== Task item ==
Please reproduce the lines of the records below from the one holding "Apartmaji Iris Apartma 2 – rozi foto 1" through the one holding "Задержанный ползал на", inclusive, skipping all pictures.

== Exercise materials ==

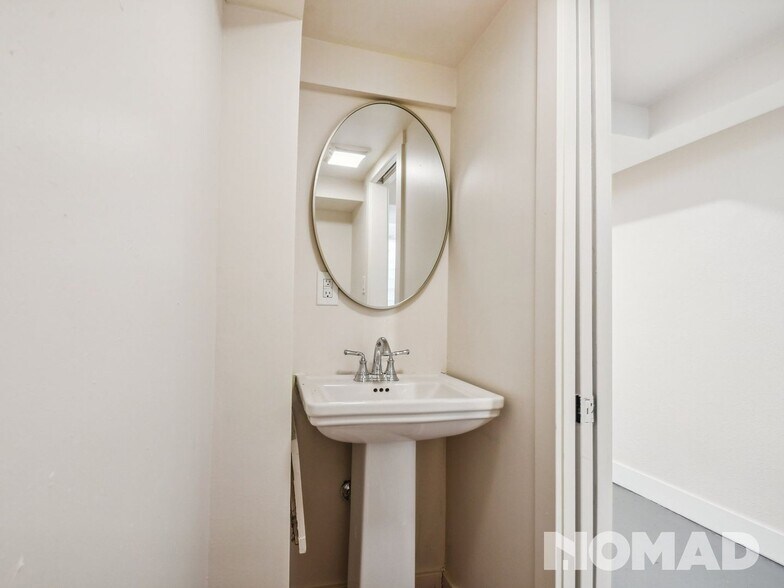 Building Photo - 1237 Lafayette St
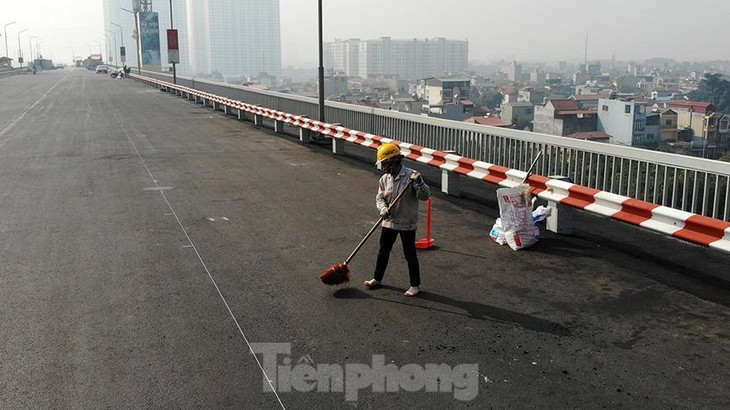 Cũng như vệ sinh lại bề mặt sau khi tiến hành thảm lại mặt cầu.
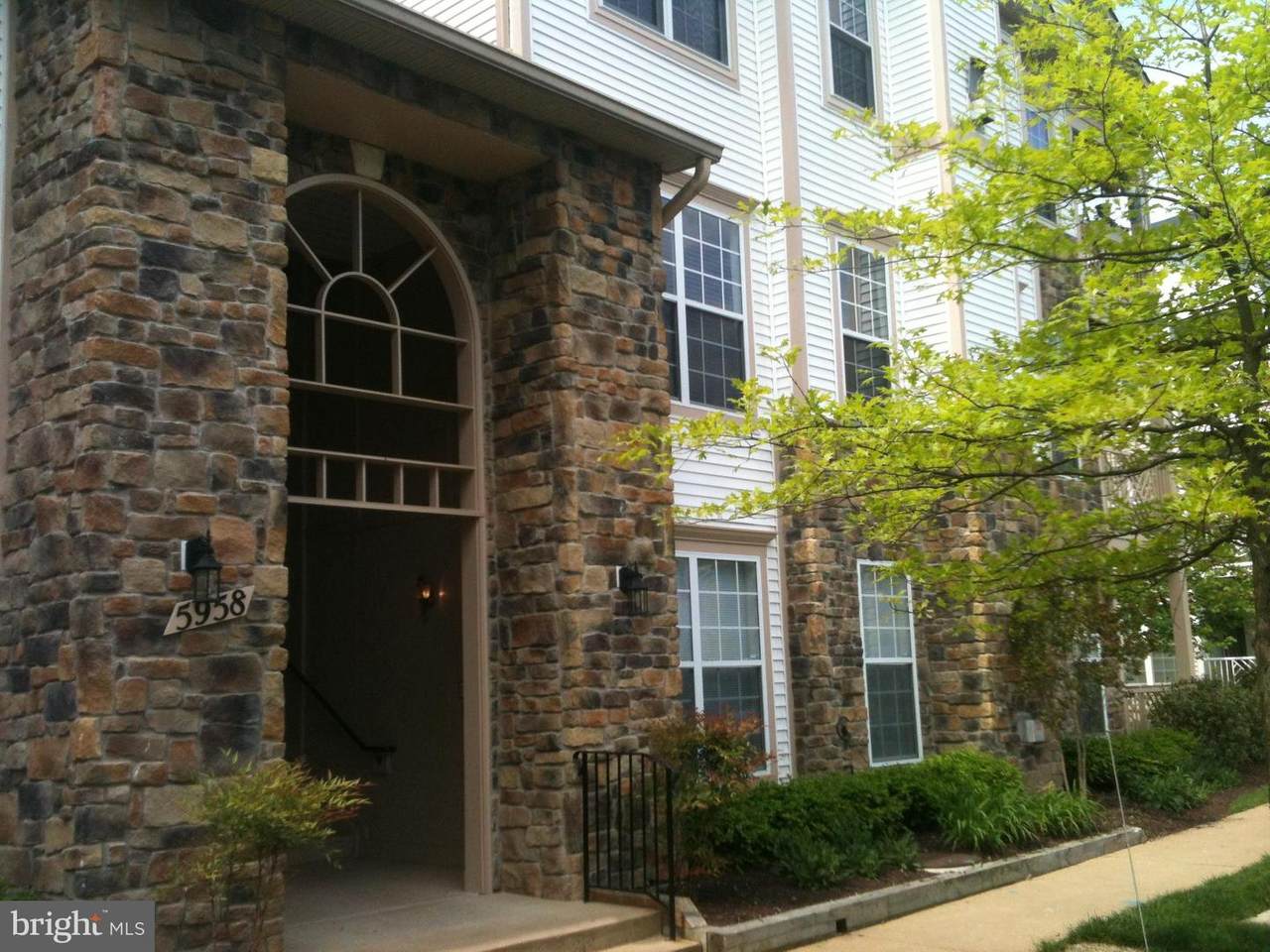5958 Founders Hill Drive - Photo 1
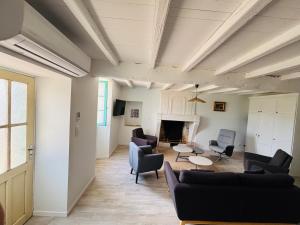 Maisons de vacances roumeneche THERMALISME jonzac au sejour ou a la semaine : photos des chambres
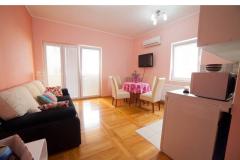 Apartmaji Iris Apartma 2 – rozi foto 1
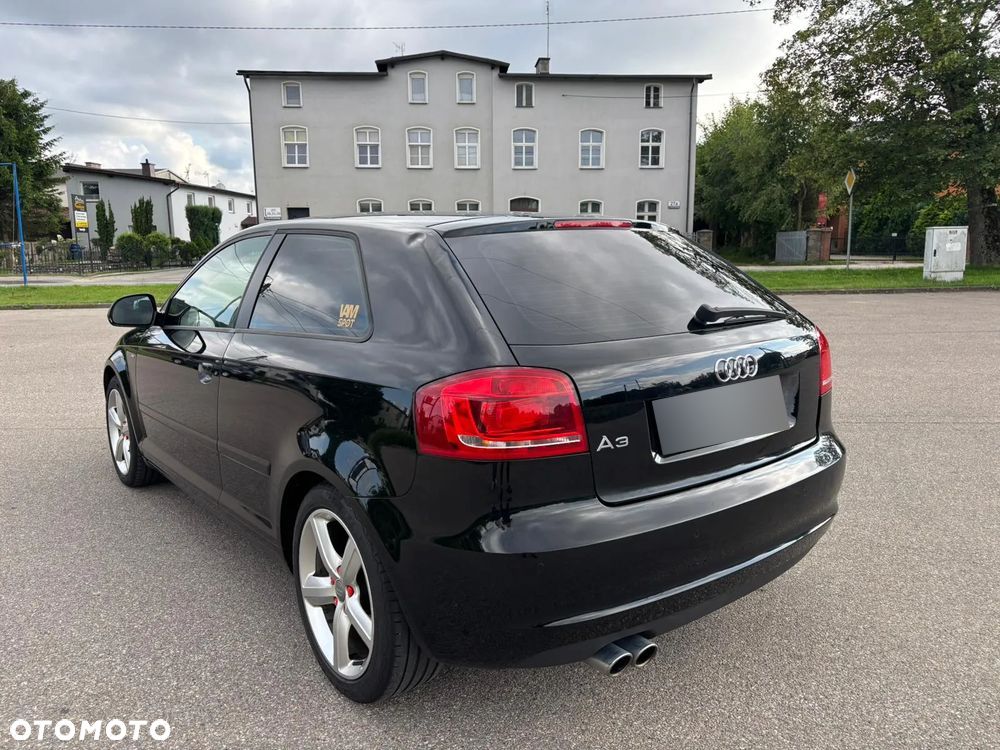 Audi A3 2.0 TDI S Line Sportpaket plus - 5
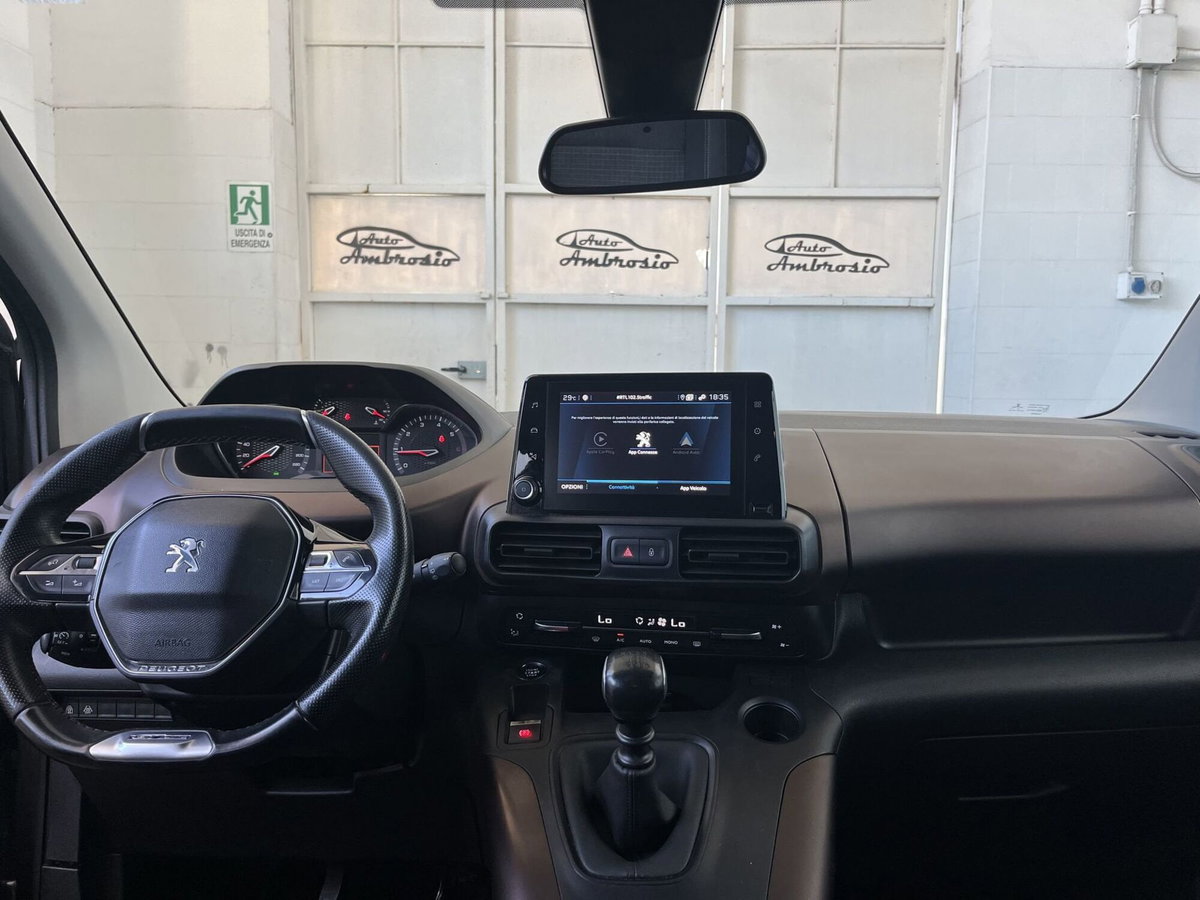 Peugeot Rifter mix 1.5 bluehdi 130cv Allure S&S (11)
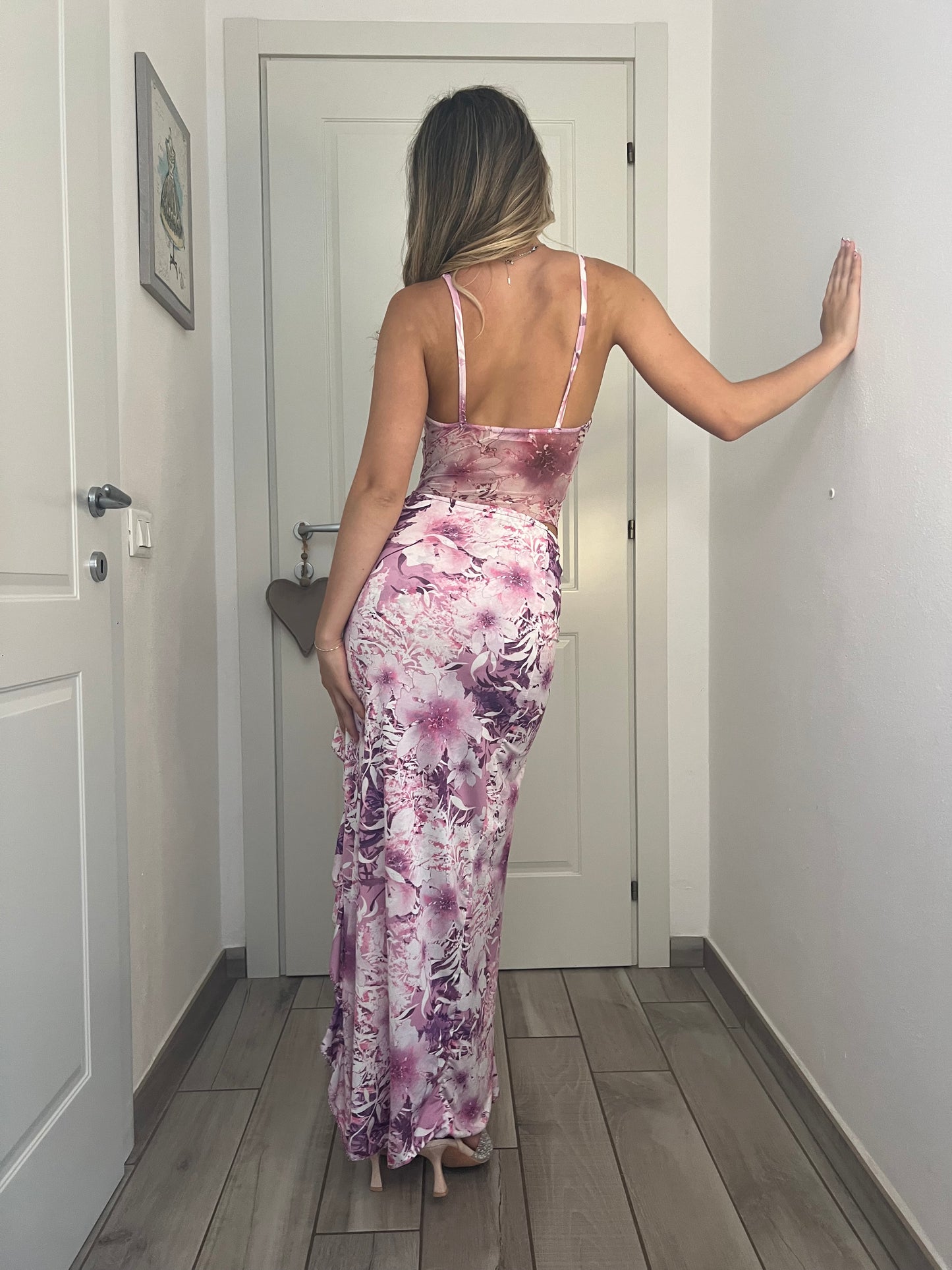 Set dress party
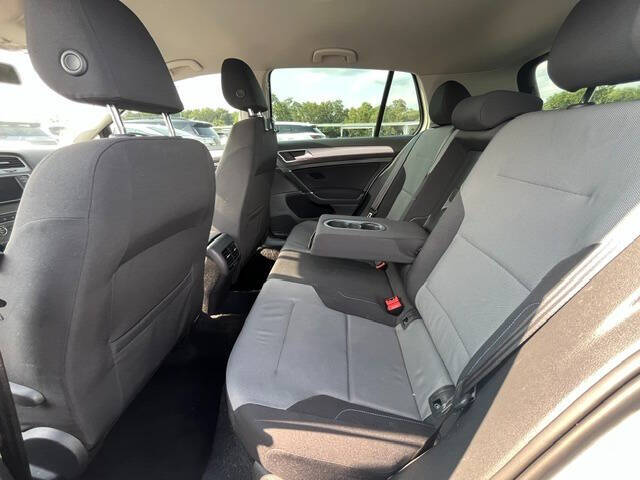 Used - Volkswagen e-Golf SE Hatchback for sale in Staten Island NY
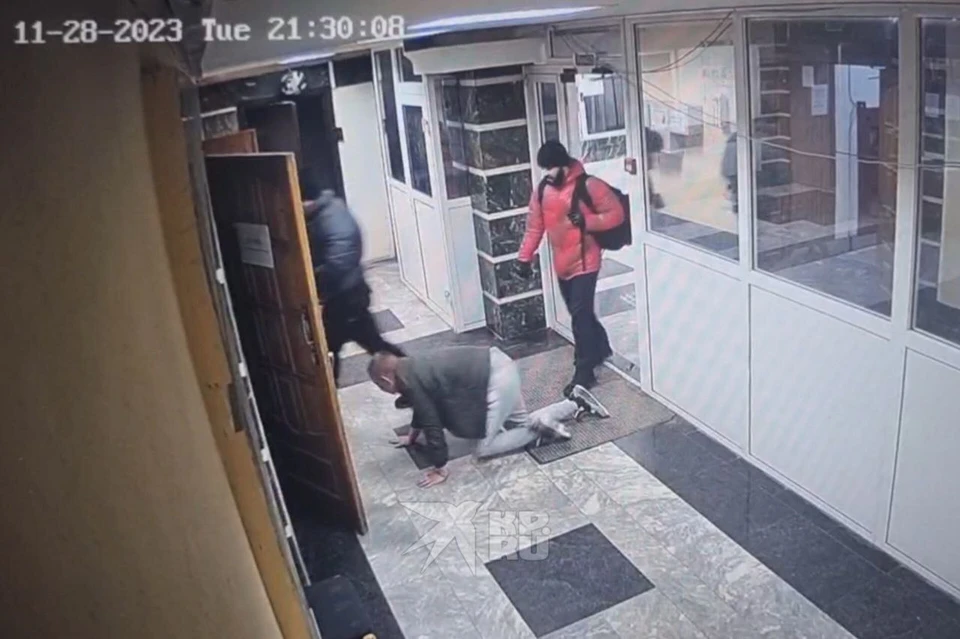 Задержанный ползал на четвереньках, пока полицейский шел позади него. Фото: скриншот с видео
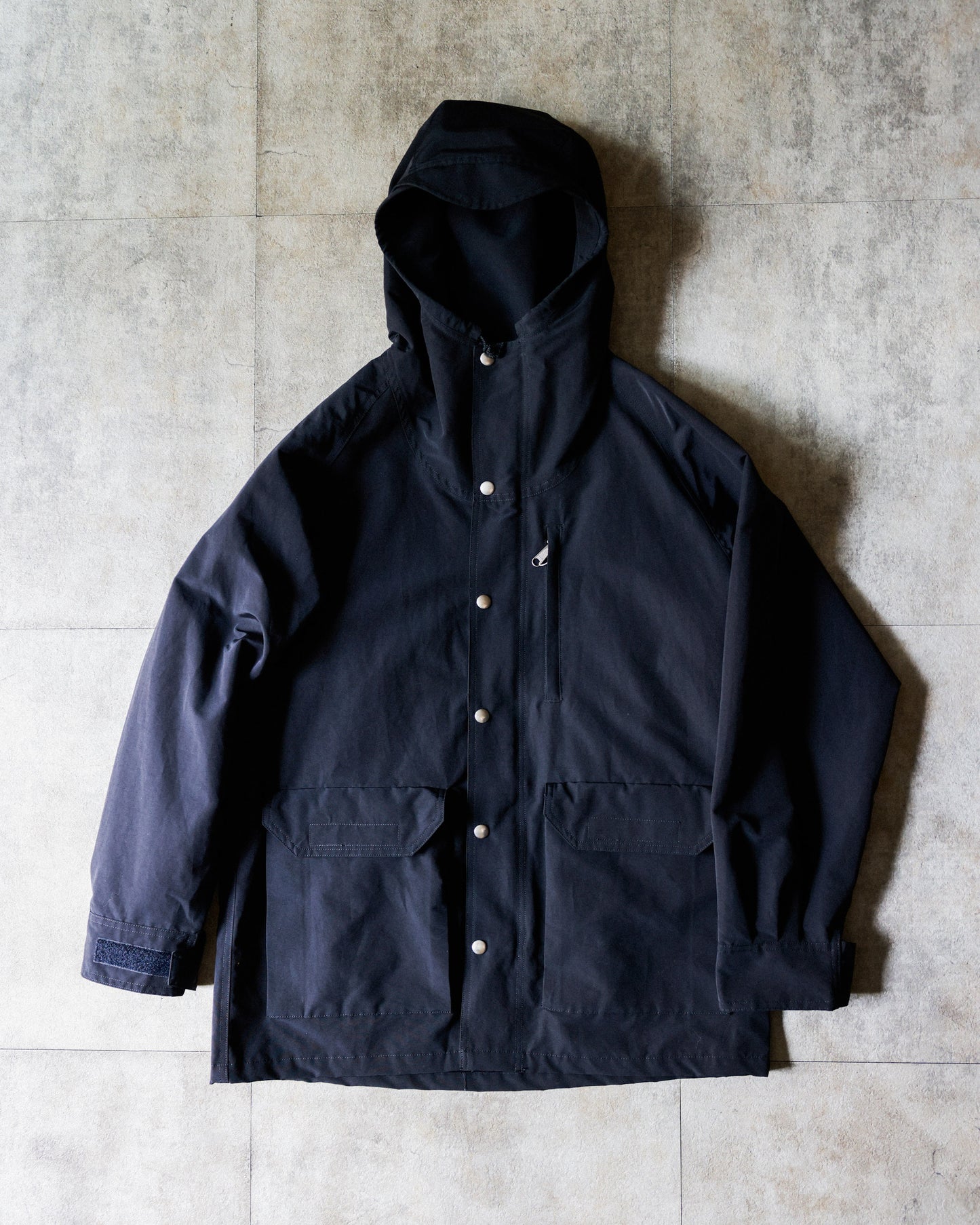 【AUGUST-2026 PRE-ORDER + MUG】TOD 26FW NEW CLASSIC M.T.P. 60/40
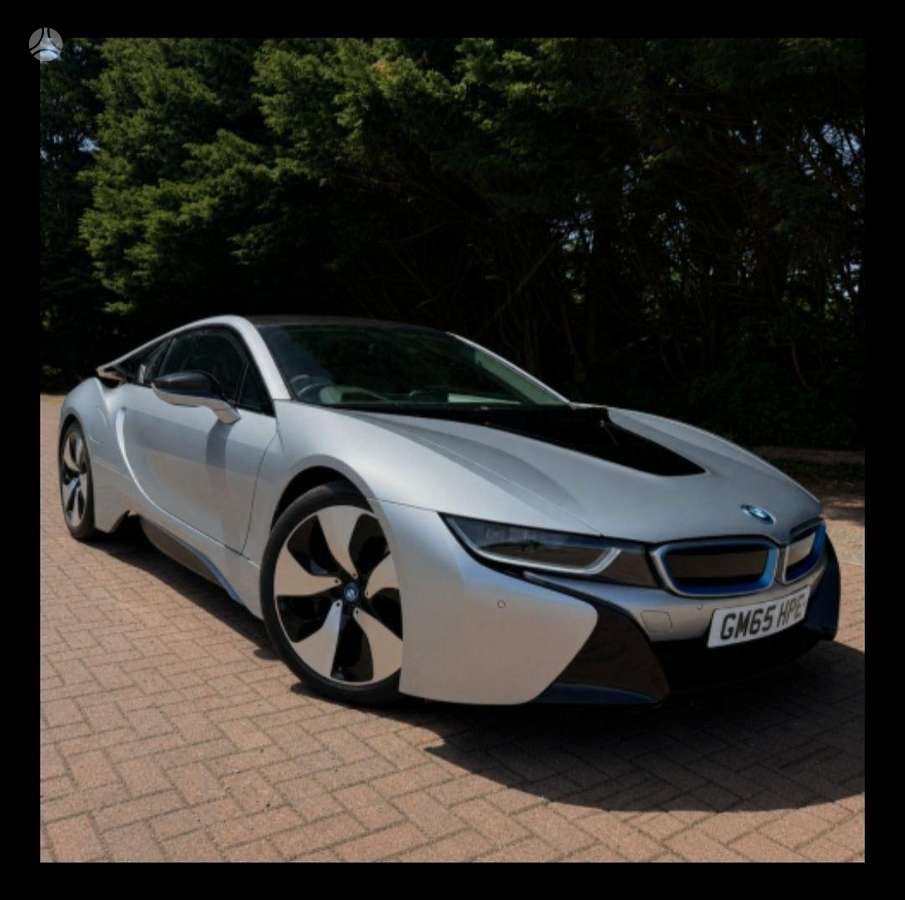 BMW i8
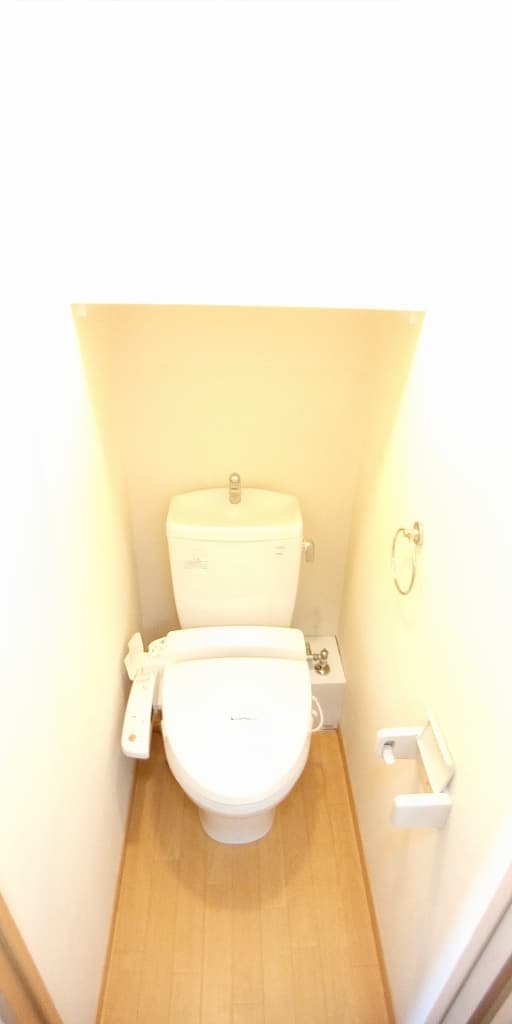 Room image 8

== Your response ==
 Apartmaji Iris Apartma 2 – rozi foto 1
 Audi A3 2.0 TDI S Line Sportpaket plus - 5
 Peugeot Rifter mix 1.5 bluehdi 130cv Allure S&S (11)
 Set dress party
 Used - Volkswagen e-Golf SE Hatchback for sale in Staten Island NY
 Задержанный ползал на четвереньках, пока полицейский шел позади него. Фото: скриншот с видео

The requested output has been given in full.